◆ Problem to work on: Given the entries below, would you transcribe exactly the lines starting at the one with "Brown woven leather" and ending at the one with "Half-open blue box", both kept, pictures omitted, nothing extra?

◆ Data listing:

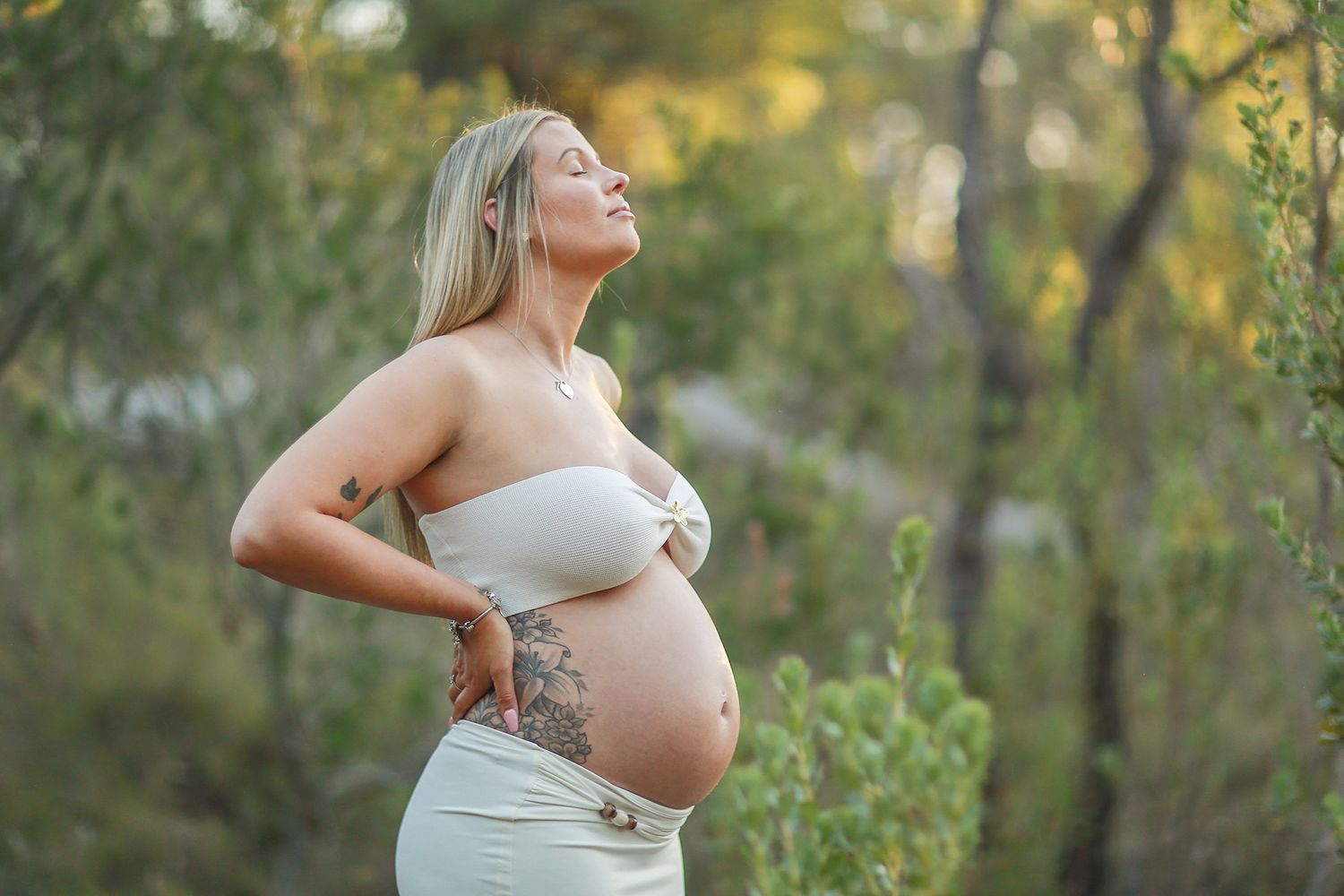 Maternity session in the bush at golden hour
...
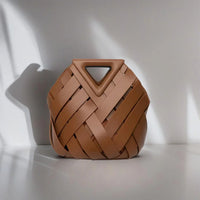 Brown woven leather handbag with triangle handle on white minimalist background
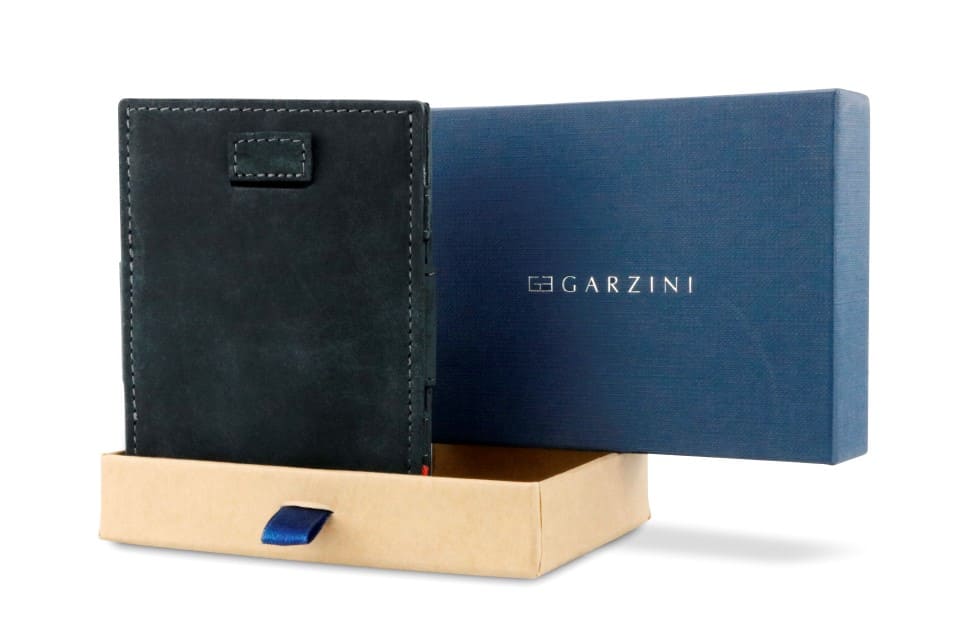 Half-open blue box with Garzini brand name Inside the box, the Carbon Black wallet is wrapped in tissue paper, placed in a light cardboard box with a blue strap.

◆ Answer to the problem:
 Brown woven leather handbag with triangle handle on white minimalist background
 Half-open blue box with Garzini brand name Inside the box, the Carbon Black wallet is wrapped in tissue paper, placed in a light cardboard box with a blue strap.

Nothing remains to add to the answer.